Keeping to his standard procedure at Columbia to date of alternating small group records and big band studio projects with Gil Evans, Davis entered the studio with Evans to follow up the latest studio LP by the working quintet, Someday My Prince Will Come. In 1961, Davis had also released his first live albums, two independent LPs entitled Friday Night at the Blackhawk and Saturday Night at the Blackhawk, in addition to the studio set. Another live set from 1961 also with both the quintet and a large ensemble conducted by Evans, the poorly recorded Miles Davis at Carnegie Hall, was issued in 1962.
The genesis of this Davis/Evans album, however, encountered far greater difficulties than its three predecessors. Bossa nova had recently become a commercial success in 1962 with the single "Desafinado" from the album Jazz Samba by Stan Getz, and Columbia executives may have pressured Davis and Evans to attempt something similar with this album. Sessions were also protracted over long stretches of time.

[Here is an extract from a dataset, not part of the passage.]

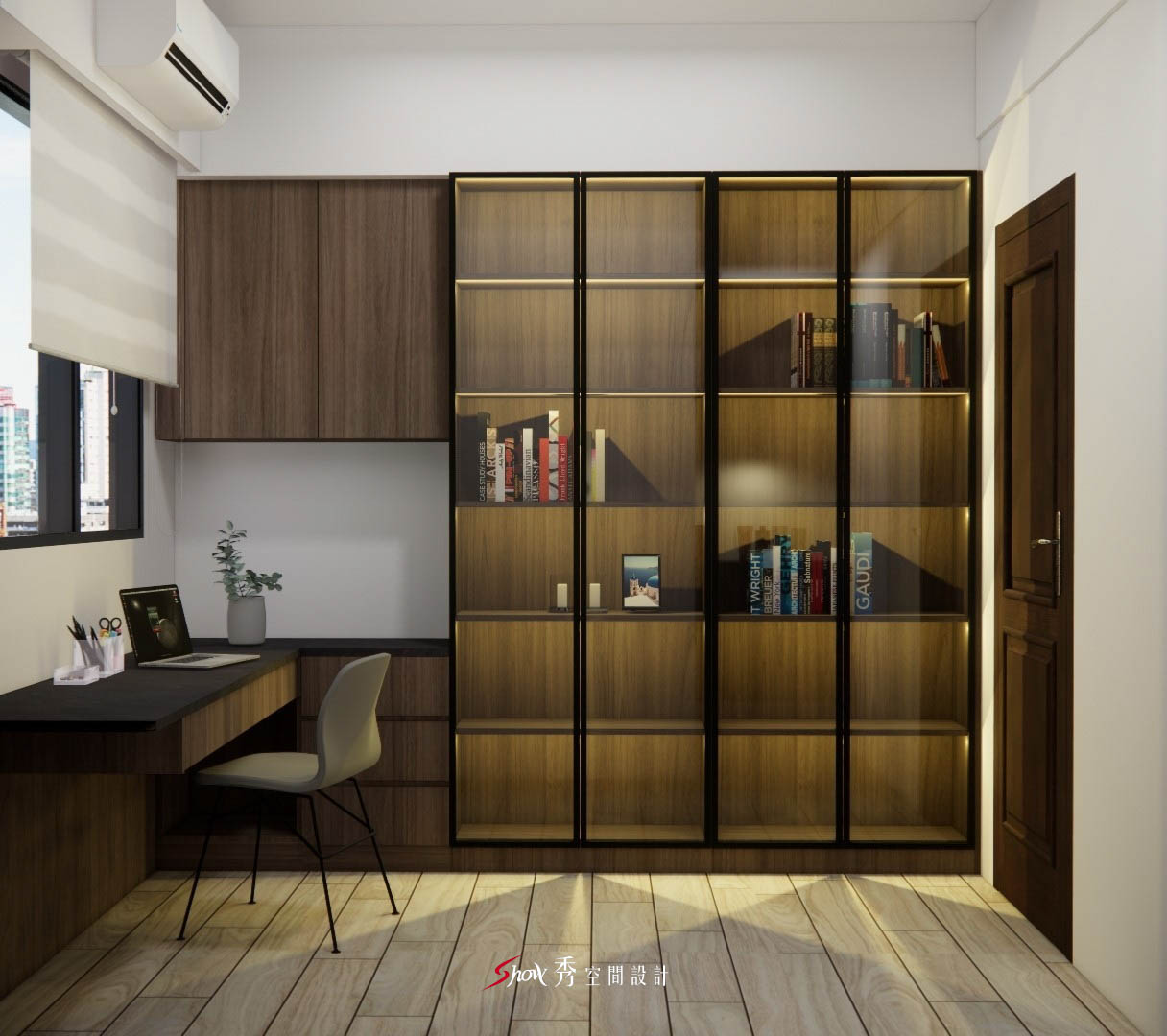 書房隱藏式收納櫃設計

Two songs were recorded at the first session in July, "Corcovado" and "Aos Pes Da Cruz," and released as Columbia singles 4-33059 and 4-4-42583; neither made a dent in the chart. The pair returned to longer forms for the subsequent sessions, Evans perhaps not given enough time to finish the charts for the earlier session. The attempt to mix potential hit singles and Evans' writing style for Davis, essentially concertos for jazz trumpeter, may have torpedoed the project.
After three sessions spread over four months, the yield was approximately 20 minutes of usable music, enough for an album side but not an entire album. Evans and Davis never made it back into the studio to complete more recordings, and the project was shelved. Faced with the expenses from the large ensemble and the studio time, producer Teo Macero added a quartet track from an April 1963 session in Hollywood to complete the album and give the label something to show for its investment, Quiet Nights, released two years after the start of recording. Davis was furious at the release of what he viewed as an unfinished project, and did not work with Macero again until the October 1966 sessions for Miles Smiles. The added tune, "Summer Night," was an outtake by Davis' group as recorded for the album Seven Steps to Heaven.
On September 23, 1997, Legacy Records reissued the album for compact disc with the bonus track "Time of the Barracudas" recorded in Hollywood on October 9 and 10, 1963. Written as a commission from Peter Barnes to accompany a production of his play of the same name starring Laurence Harvey and Elaine Stritch, it is unknown whether the music was actually used for its intended purpose.